The I5 is a good deal at $200.00. What it's going to do is really put a hurting on AMD. It's as good as or better than anything they make, in most measurable benchmarks, and cheaper. As of right now AMD is going to find it really hard to sell any chip they make, in any quantity, for more than $200 because of it. Hopefully this won't be too bad on AMD. We're getting all these neat new processors because of competition between AMD and Intel. Make no mistake, if there was no AMD we'd all still be running 32 bit Pentium III processors. Intel has opened up a real big can of whoop-ass the last year only because AMD pushed them.
The other peripherals, motherboards, RAM, are also cheaper for the I5 than the 920i7. Still though, I'd opt for the 920 if it's not over your budget. A couple of shortcomings of the I5 (Or more precisely the LGA-1156 socket processors. There are some processors labeled as I7 that work on the LGA-1156 socket.)
1, The PCIe controller (video card controller) has been moved from the motherboard to the processor. While in theory this is an improvement, with less latency, in execution they crippled it a bit by only offering 16 PCIe lanes. What that means is it's optimized for a single GPU. It bottlenecks when running either a video card with 2X GPU ( for example the ATI 4870X2 or Nvidea 295) or X-fire/SLI multi-card setups.
Bottom line is that your video performance is limited compared to the 920 or any other LGA-1366 socket processor.
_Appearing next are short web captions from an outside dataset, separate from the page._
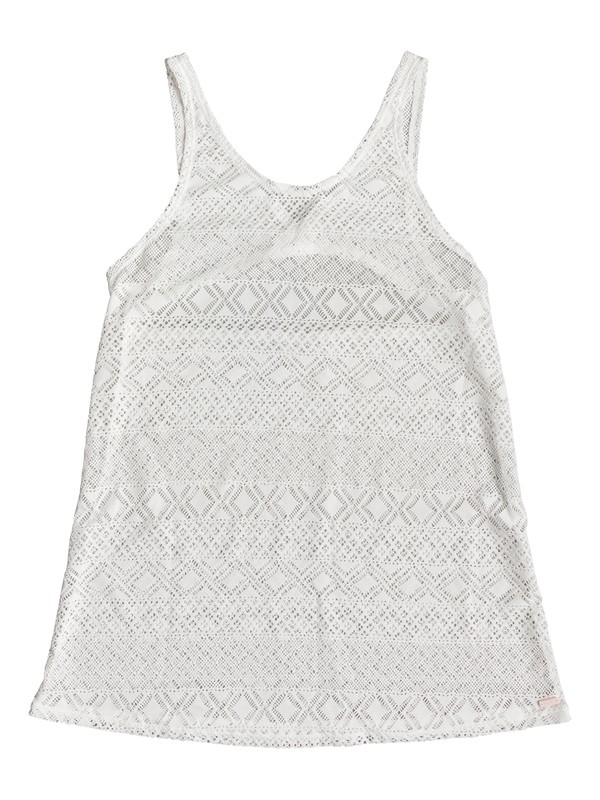 roxy, Garden Summers Crochet Beach Dress, BRIGHT WHITE (wbb0) 0 Garden Summers Crochet Beach Dress White ERJX603140 Roxy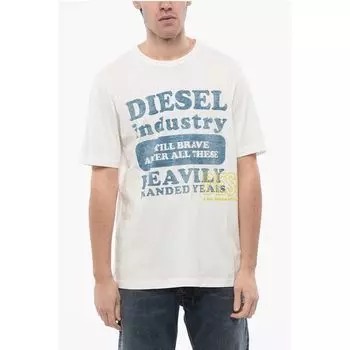 Футболка с круглым вырезом RED TAG из мягкого джерси с принтом T-JUST-N9 Diesel, White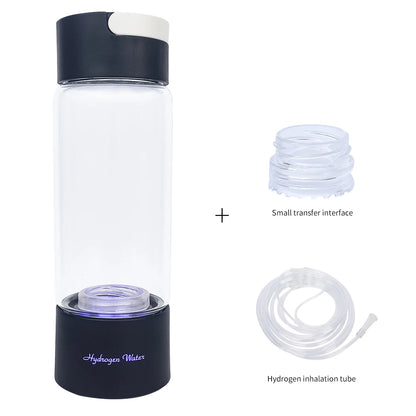 Max 3000ppb Hydrogen Rich Water Generator- 3 in 1 use(Breath with tube) DuPont SPE+PEM Dual Chamber H2 electrolysis Water Bottle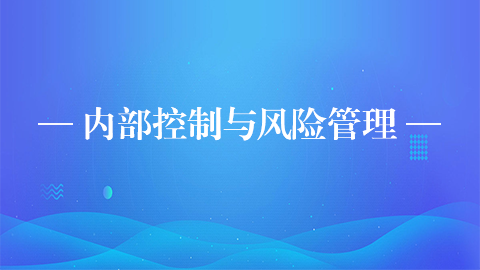 內部控制與風險管理 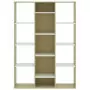 Libreria/Divisorio Bianco Rovere Sonoma 100x24x140cm Truciolato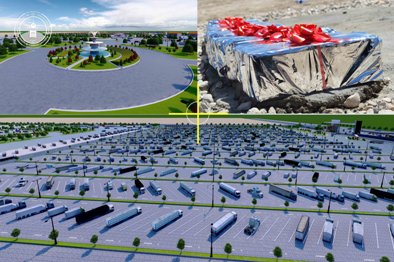 Construction of truck terminal begins in Balkh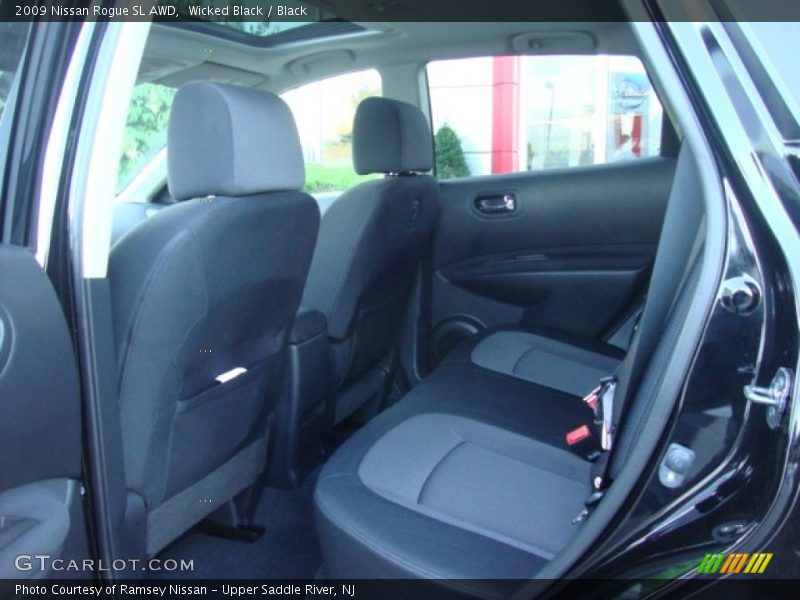 Wicked Black / Black 2009 Nissan Rogue SL AWD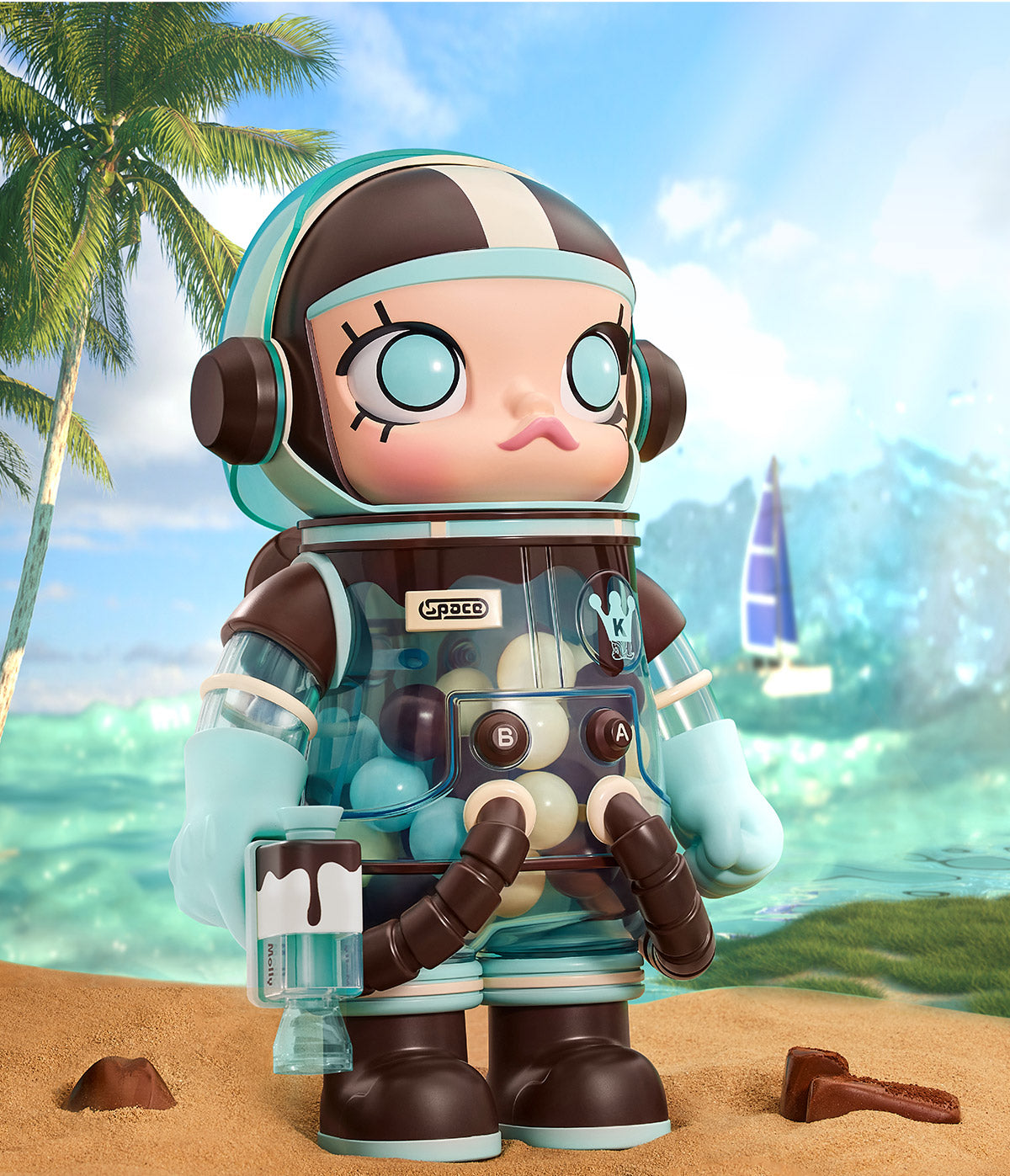  MEGA SPACE MOLLY 400% Mint Chocolate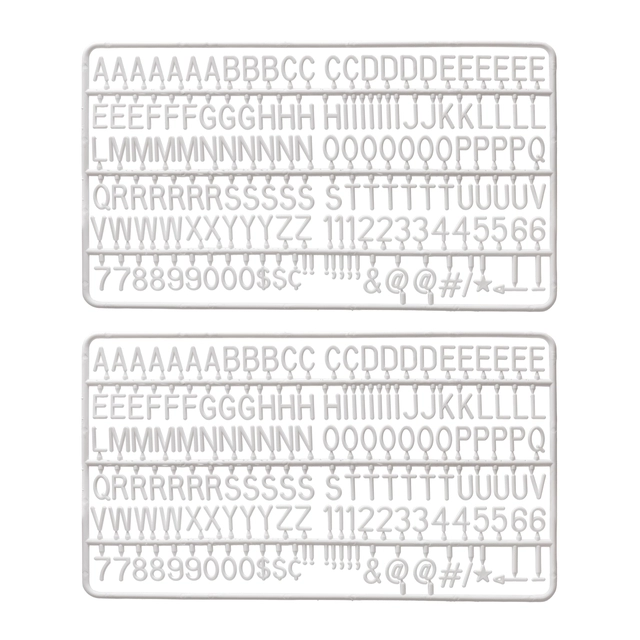 Een Letter set IEZZY voor letterbord 2x150 wit koop je bij The Cartridge Company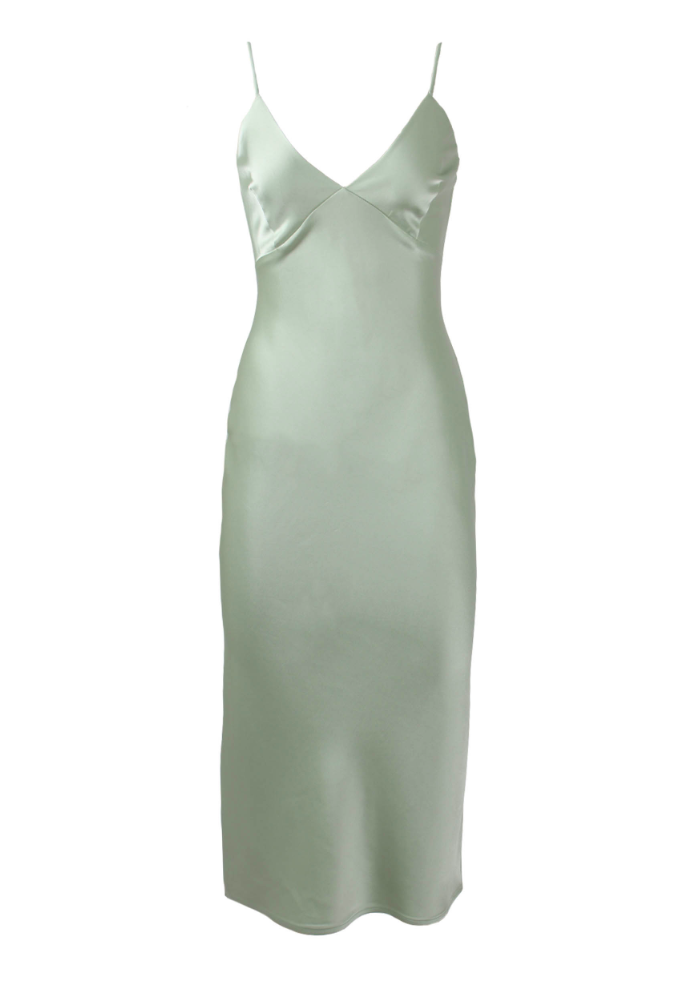 Liam Weirder Slip Dress Celery Green Sz 10 - Dress Rental NZ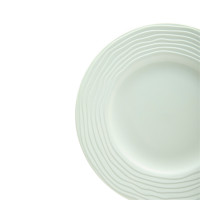Тарелка обеденная, 27 см, фарфор, мятный, рельеф, серия Волна, DECOR DE TABLE, Россия_00818940064049376413.jpg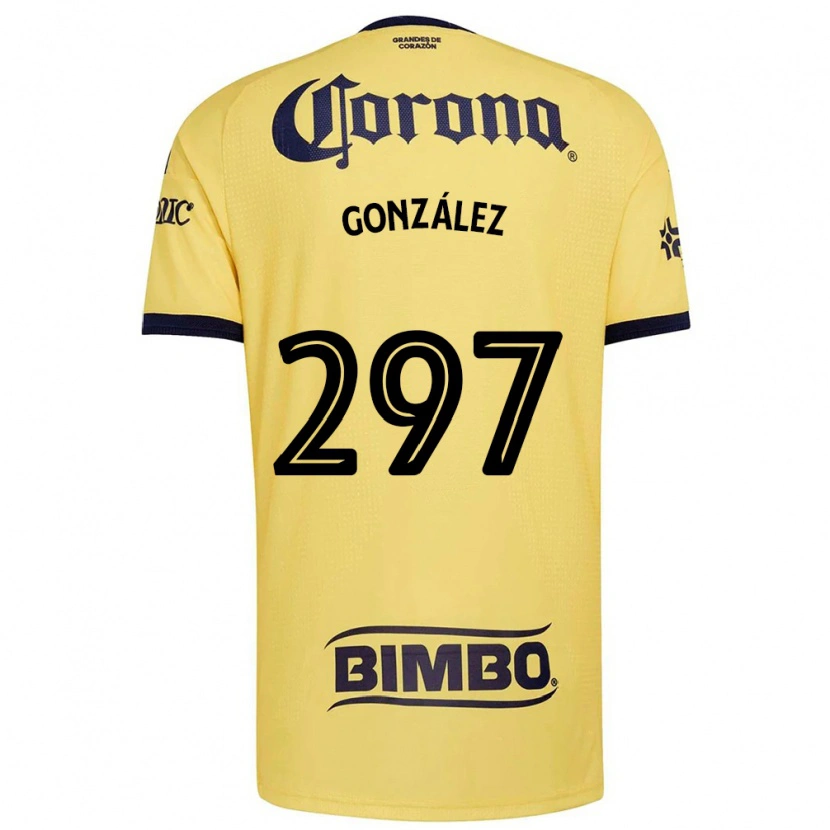 Danxen Barn Océlotl González #297 Gul Röd Svart Hemmatröja Matchtröjor 2026/27 Tröjor T-Tröja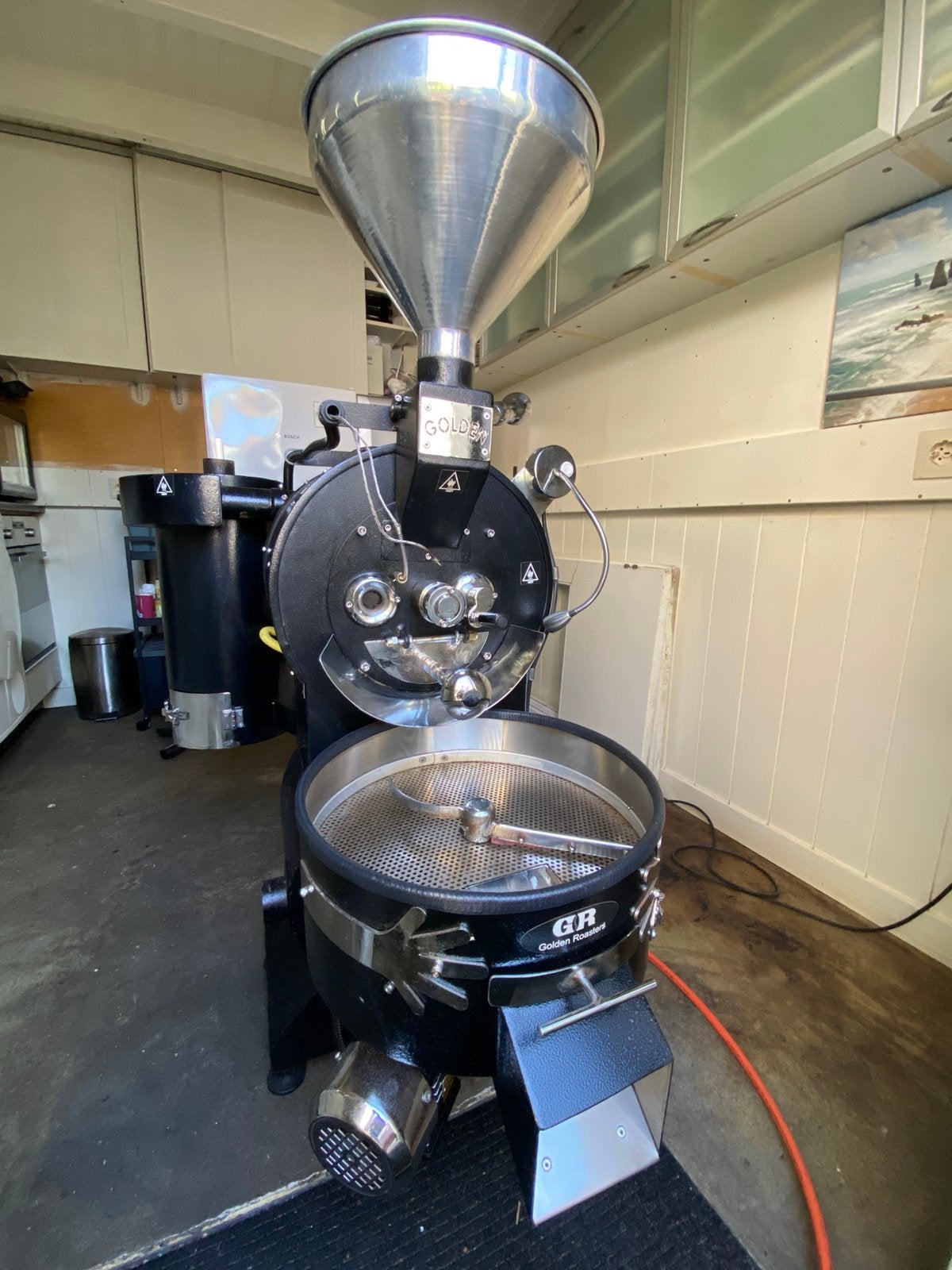 Koffiebrander 1,5kg, merk Golden Roasters, Ophalen, Gebruikt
2, No hyperthreading. In applications that can take advantage of it, hyperthreading can make big improvements. It basically turns your guad core into an 8 core processor. This should get more important as time goes on and more programs take advantage of this feature. The faster LGA-1156 processors have hyperthreading enabled. The I5 is fully capable of of hyperthreading but Intel chose to cripple it and deactivate that funtion so as not to completely kill the 920i7 processor sales.
3, The 920, and other LGA-1366 processors, use 3 channel memory. This improves performance, but not as much some might think.
4, Ease of overclocking. The LGA-1366 processors can be overclocked quite a bit before you have to apply any additional voltage. The I5/LGA-1156 requires additional voltage to get any kind of a reasonable overclock. This will shorten processor life and requires you purchase an aftermarket CPU cooler. Although LGA-1156 processors should be very voltage tolerant. Personally though, if I'm going to run an overclock 24/7, I'd rather not apply additional voltage. Others do it without concern though. Your mileage may vary.
On a plus side for the new processors though, they implement turboboost much better than previous processors. This is where the processor overclocks itself when running an app. that doesn't use multiple cores. In that situation the new I5 and it's LGA-1156 litter mates really shine. IMO though, as time goes on and more apps take advantage of multiple processor cores this will be less and less important.
Additionally, down the line the 6 core processors that are coming are supposed to be LGA-1366 processors. This means that if you decide to upgrade to a 6 core processor in the future you should be able to use your old motherboard and ram if you buy a LGA-1366 processor today.
So if it was me, I'd by a a LGA-1366 processor (the 920i7).